U.S. frets over new document leak

— U.S. diplomats and officials said they’re bracing for at least three newspapers and WikiLeaks to publish today hundreds of thousands of classified State Department cables that could drastically alter U.S. relations with top allies and reveal secrets about U.S. foreign policy.

U.S. diplomats frantically have been reaching out to their counterparts around the world as intelligence officials pleaded with WikiLeaks and the newspapers, including The New York Times, the Guardian in London and Der Spiegel, a German newsweekly, to not publish information that could endanger lives and U.S. policy.

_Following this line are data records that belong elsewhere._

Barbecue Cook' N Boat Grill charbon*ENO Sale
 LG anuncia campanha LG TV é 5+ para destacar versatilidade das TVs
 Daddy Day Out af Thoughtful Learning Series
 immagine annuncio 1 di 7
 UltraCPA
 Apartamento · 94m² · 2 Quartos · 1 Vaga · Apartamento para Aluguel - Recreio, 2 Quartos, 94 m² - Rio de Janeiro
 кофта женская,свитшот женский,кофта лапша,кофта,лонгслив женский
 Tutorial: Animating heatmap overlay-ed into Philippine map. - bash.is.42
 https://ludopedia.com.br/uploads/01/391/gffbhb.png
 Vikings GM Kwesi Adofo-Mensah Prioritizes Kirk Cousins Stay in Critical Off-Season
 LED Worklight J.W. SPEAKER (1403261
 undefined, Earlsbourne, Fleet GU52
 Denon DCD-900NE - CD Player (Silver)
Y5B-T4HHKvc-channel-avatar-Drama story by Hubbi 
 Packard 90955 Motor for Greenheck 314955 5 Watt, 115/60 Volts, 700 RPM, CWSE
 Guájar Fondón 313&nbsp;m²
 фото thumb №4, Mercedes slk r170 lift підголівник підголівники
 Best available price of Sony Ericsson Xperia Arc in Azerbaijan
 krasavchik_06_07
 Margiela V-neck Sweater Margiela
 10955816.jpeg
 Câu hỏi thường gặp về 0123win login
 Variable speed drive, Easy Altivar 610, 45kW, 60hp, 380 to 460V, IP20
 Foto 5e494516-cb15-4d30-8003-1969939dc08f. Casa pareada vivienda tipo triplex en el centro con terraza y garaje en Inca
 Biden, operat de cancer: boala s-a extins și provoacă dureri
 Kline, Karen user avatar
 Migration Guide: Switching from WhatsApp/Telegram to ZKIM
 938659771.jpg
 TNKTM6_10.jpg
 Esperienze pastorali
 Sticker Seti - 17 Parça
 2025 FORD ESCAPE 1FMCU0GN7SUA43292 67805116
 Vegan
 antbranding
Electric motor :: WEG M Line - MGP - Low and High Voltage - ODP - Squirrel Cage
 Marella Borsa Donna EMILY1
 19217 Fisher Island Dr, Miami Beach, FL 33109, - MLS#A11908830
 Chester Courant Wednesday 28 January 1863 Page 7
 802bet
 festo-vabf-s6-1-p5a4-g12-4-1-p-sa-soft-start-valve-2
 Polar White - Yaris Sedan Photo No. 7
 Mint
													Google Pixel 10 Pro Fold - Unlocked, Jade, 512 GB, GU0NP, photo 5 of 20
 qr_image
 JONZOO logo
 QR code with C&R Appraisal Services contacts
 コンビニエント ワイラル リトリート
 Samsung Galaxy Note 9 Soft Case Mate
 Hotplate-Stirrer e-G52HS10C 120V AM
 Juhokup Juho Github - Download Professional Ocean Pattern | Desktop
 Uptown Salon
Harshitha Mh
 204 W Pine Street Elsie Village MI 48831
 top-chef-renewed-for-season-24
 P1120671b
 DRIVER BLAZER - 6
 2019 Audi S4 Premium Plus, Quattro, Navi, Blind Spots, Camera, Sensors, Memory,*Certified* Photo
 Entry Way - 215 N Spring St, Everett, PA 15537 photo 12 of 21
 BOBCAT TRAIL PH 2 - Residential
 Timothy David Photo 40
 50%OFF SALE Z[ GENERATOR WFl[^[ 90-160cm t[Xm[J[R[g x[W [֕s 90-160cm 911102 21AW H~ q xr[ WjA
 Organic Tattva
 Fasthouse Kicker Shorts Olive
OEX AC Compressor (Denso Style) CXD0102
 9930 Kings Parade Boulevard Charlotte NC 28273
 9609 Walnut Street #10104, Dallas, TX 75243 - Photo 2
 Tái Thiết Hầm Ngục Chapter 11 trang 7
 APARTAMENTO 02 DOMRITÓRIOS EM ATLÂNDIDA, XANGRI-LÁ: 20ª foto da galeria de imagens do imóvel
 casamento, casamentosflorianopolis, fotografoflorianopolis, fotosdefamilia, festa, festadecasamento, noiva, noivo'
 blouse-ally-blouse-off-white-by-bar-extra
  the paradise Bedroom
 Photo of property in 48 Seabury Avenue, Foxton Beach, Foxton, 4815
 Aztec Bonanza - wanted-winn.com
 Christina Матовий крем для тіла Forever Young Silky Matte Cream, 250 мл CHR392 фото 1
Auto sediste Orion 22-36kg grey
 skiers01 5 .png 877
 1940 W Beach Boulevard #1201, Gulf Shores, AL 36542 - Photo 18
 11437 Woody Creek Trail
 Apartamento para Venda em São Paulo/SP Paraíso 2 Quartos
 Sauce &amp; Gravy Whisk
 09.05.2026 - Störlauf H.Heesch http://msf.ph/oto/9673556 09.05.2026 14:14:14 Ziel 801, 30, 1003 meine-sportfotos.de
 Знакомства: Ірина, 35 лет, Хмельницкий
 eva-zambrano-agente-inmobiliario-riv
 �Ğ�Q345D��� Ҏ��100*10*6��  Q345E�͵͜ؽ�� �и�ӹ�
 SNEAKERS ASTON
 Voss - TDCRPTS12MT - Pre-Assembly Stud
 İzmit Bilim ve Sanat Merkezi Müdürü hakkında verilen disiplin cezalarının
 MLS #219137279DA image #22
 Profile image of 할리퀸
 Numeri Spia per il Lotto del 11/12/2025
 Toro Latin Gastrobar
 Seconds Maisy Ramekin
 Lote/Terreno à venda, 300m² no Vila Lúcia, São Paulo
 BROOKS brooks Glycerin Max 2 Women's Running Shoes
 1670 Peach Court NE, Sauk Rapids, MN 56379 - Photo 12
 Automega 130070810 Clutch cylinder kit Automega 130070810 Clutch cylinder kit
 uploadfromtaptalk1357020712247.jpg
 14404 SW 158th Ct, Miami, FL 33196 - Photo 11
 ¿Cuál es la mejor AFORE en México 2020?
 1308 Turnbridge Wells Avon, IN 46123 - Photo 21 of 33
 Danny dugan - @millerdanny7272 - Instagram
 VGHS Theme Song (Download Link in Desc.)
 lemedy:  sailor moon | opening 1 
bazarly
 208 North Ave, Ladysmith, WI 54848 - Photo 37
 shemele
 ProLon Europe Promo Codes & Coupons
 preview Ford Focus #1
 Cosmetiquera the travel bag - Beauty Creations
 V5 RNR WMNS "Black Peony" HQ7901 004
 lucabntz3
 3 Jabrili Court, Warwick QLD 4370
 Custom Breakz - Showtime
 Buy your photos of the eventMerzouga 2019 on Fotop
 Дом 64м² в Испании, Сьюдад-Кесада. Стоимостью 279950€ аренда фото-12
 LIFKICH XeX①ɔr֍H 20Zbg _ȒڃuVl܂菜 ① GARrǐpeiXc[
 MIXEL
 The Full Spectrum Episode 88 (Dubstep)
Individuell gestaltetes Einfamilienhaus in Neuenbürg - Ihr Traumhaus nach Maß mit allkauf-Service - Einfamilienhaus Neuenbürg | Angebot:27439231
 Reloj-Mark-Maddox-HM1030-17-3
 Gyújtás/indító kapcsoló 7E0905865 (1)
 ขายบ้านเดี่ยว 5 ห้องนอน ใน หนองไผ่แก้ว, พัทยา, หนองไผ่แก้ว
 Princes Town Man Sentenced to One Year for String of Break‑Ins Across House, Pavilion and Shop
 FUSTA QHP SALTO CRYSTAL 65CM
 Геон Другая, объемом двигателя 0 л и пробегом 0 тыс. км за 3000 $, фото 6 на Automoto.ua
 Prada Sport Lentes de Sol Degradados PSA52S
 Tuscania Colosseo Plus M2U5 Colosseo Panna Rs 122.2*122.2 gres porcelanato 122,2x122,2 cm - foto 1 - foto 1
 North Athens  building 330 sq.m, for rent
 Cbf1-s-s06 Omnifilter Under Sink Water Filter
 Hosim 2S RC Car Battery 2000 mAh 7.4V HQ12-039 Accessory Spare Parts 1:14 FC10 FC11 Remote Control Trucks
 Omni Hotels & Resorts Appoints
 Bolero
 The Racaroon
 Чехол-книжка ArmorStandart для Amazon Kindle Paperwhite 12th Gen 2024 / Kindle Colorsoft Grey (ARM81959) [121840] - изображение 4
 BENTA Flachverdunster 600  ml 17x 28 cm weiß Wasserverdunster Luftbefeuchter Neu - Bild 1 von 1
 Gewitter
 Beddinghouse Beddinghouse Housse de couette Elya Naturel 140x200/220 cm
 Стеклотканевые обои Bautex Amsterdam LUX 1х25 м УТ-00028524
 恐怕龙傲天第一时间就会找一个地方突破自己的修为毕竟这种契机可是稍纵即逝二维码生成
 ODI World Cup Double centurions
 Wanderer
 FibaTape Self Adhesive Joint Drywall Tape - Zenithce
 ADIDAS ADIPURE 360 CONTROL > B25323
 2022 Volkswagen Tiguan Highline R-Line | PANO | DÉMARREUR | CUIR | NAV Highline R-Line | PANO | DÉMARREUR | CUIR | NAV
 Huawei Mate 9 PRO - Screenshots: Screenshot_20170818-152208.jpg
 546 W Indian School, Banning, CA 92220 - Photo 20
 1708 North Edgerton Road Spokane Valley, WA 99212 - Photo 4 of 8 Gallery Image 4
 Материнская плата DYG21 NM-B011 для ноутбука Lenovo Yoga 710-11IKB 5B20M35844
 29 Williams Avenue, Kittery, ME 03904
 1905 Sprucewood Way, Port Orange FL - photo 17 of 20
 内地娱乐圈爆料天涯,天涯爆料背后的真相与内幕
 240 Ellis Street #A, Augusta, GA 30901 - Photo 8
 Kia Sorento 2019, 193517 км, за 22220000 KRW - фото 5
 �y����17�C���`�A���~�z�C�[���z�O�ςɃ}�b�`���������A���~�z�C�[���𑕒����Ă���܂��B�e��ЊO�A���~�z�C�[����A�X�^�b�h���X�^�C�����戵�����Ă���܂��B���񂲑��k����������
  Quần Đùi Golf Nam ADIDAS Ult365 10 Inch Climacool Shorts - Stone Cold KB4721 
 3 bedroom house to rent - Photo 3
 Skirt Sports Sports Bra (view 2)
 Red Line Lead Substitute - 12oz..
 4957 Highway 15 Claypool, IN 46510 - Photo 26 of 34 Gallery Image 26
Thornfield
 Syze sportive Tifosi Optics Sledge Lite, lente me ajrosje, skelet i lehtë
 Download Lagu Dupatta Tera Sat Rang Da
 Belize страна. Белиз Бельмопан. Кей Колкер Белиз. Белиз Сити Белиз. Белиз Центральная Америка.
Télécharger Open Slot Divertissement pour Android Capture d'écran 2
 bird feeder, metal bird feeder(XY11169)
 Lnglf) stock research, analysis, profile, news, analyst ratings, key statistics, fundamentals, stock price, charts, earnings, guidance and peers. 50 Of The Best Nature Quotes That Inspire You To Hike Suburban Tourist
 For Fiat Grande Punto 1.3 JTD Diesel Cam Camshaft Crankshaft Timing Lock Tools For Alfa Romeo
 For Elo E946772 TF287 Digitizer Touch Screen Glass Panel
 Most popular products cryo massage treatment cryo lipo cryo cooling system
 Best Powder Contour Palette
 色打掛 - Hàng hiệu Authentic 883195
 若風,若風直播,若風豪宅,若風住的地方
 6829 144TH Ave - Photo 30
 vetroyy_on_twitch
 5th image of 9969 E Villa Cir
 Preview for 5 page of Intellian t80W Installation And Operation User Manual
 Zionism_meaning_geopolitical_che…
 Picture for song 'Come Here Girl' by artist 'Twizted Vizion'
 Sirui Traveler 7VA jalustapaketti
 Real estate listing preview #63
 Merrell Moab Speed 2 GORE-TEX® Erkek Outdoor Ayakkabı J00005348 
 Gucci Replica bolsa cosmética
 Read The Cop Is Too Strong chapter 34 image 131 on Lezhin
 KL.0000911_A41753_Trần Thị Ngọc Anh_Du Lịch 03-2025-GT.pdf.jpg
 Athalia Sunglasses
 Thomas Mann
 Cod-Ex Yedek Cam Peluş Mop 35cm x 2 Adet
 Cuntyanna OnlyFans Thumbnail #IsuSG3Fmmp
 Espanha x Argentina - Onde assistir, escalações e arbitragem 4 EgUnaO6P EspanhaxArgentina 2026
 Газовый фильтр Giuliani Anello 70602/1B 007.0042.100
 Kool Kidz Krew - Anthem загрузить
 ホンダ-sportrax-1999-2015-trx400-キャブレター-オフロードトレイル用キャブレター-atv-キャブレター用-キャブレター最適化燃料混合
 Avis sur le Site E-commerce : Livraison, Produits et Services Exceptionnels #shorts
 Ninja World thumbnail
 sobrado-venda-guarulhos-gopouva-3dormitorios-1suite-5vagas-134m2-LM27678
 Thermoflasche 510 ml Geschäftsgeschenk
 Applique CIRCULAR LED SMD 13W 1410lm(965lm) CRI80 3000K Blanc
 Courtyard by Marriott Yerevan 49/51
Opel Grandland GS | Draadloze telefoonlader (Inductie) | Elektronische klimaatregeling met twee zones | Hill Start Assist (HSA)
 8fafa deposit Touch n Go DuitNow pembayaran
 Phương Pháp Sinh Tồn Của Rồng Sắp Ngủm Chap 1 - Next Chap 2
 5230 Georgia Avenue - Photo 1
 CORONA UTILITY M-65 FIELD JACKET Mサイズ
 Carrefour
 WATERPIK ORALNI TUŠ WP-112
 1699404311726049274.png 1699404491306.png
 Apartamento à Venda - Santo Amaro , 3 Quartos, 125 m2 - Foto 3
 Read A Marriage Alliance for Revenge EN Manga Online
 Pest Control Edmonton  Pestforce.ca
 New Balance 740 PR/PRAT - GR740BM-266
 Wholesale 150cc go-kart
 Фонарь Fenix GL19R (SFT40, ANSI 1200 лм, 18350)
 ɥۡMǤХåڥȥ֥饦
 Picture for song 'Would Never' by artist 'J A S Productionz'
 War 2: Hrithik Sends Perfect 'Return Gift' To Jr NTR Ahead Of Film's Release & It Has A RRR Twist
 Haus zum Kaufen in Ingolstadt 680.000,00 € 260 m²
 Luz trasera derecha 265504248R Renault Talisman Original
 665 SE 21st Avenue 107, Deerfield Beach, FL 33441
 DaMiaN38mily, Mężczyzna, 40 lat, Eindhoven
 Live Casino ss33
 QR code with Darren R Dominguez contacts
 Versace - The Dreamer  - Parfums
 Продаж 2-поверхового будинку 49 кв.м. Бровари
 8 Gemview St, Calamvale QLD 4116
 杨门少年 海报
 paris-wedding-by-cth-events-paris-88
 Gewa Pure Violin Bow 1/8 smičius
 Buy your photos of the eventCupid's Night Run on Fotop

While this is the third time this year WikiLeaks has released a batch of documents related to U.S. foreign policy, officials said today’s expected release will be far more damaging than the first two combined.

The first batch dealt with Afghanistan and the second with Iraq. This batch is expected to include never-released private cables between diplomats.

State Department spokesman P.J. Crowley warned that releasing the documents could put “lives and interests at risk.” But privately, administration officials said they are far more concerned about what they contain and implications of releasing them.

NBC News reported Friday that some of the documents would reveal damaging details about U.S. efforts to renegotiate the nuclear arms treaty with Russia and U.S. anti-terrorism efforts in Yemen.

Der Spiegel briefly published a story on its website Saturday saying that the documents include 251,287 cables and 8,000 diplomatic directives, most of which date after 2004. About 9,000 documents are from the first two months of this year,the newspaper said.

The newspaper said it would release all the documents at 3:30 p.m. CST today. WikiLeaks and the newspapers are expected to release the documents and their findings at the same time.